Once again available on CD. In light of Furnace Mountain’s decision to release certain of their previous works on the CD format, here is a review I wrote of their 2010 album, Fields of Fescue. CDs are available through the band’s website.
Furnace Mountain is from Virginia (a state which has more musicians per square mile than any other, I do believe), but I found them in New Mexico, of all places. Aimee Curl, bassist and one of two FM voices, spent a bit of time in New Mexico it seems and while maintaining her interest in Furnace Mountain, joined a few other musicians in a band already established known as ThaMusement. ThaMusement were part of a growing circle of musicians and artists under the umbrella of Frogville Records, a collective which released not only albums by ThaMusement but that band’s head muse Nathan Moore and an early Furnace Mountain album, as well. Want a thrill? Check out ThaMusement’s 2006 album Never Settle For Less—an under the radar classic of outstanding music too good to be categorized Americana.
Well, Curl eventually headed back home to help keep the Furnace (Mountain) going and I for one am glad she did because she led me to Fields of Fescue, an album which instead of looking to the past brings the past to the present. Not that many bands out there really capture old-timey music and weave it into a fabric perfect for today. Hot Rize, maybe, and a few others, but they are few and far between. Sure, there are tons of musicians playing old-timey music, but they make you hear old-timey music. Furnace Mountain (and Hot Rize, etc.) make you hear just music because what they play is so good it defies categorization. I know I say that about a lot of artists and bands, but there are a lot of great artists and bands out there. And Furnace Mountain is surely among them.
It doesn’t take you long to hear it, either. The title track, “Fields of Fescue,” kicks things off and I mean kicks. A David Van Deventer original, its base is jig and reel and there is some serious jigging and reeling going on. A light-hearted and bouncy tune, it allows delicate interplay between Danny Knicely’s mandolin and Van Deventer’s fiddle until it hits the chorus at which point everything turns just short of bagpipe in sound and intensity. You want old-timey? The jazzy mountain-bred “Rattlesnake/Black Mountain Rag” with is hoedown magic (even people who don’t like hoedowns are going to love the intricacies here, and that mandolin is killer!). They next take on a folk/backwoods tome titled “Winter’s Night” and the first time I heard it, I thought they could have re-recorded the vocals but now think not. As rough-hewn as the vocals are (ably provided by Curl and Morgan Morrison), they give this song an authenticity you have to hear to believe. A little reel (I think it’s a reel), “Pretty Little Widow” is perfect for some of that folk dancing you hear about people doing now and again, maybe the mountain version of Riverdance and again that fiddle and mandolin interplay makes the song. “Graveyard/John Brown’s Dream” is another semi-hoedown tune and features the duel fiddle of Knicely and Van Deventer, who by now have jumped to the top of my musicians-to-watch list. Add the feet (that’s right, I said “feet”) of Megan Downes and the banjo of Jason Romero and you have a damn near perfect track. My dad would have loved this.

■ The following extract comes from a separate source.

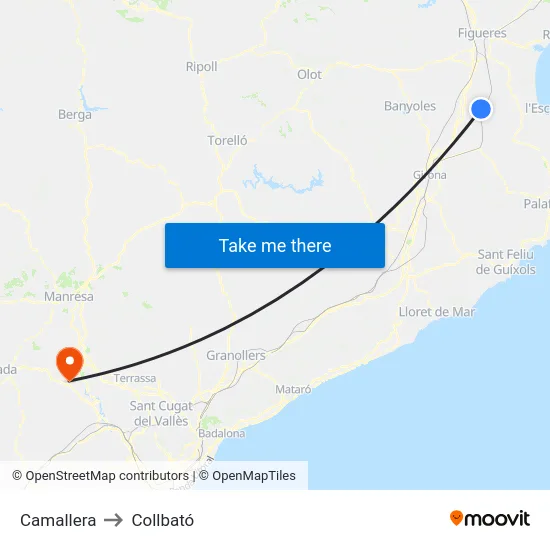 Camallera to Collbató map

The music gets a bit darker with “Bad Girl,” one of those old folk songs they dredged up from somewhere and it makes me wonder how many more gems are hidden beneath the dust of the past. There is something sinister in both the story and the music, as well as a sense of tragedy. And again, perfect/imperfect voices. Damn, I really love those ladies’ voices! They grow on you, you know? “Turbo Dog” is a dog race of instruments and if you’ve never heard the influence of jazz on what we used to call “newgrass,” here’s your chance. It is fiddle and mandolin smoke. “Factory Girl” is another song of the barn dance variety and normally when I hear songs like this I think them pleasant enough, but like I said, these guys have a way with songs and I find myself liking this as much as any other on the album. I mean, I like the song, but I love the way these guys do it. Brad Barr wrote “Ooh Belle,” the one song outside of the traditional and Furnace Mountain realm, and when you hear it you know why they chose it. It is a ballad of sorts, full of simple twists in chord and harmony, which sets you back in your chair. It is one of those slower tunes that makes your heart beat faster (assuming you have a heart). “Watermelon Seed” is another Van Deventer original (he wrote the aforementioned “Fields of Fescue” as well) and makes me wish he would write more—or that he would do an album of nothing but originals. While it is a less frantic instrumental than “Fescue,” it is still upbeat and a great vehicle for Van Deventer’s fiddle and Knicely’s mandolin. Those guys have a real connection. I’ve heard “Bowling Green” before and have never thought one way or another about it, but this falls under the category of, once again, loving how these guys play it. Somehow, Furnace Mountain has this ability to make me forget genre when they play and it is most obvious when they play the obvious. You’re right back at the Opry with “Sugar In the Gourd,” an old-timey, footstomping tune (and, yes, there goes ol’ Megan stomping away) and we’re done. Which means you don’t have to read my rantings anymore. As for myself, I think I’m going to do the dishes and play this from the beginning again. This is great dishwashing music. Great.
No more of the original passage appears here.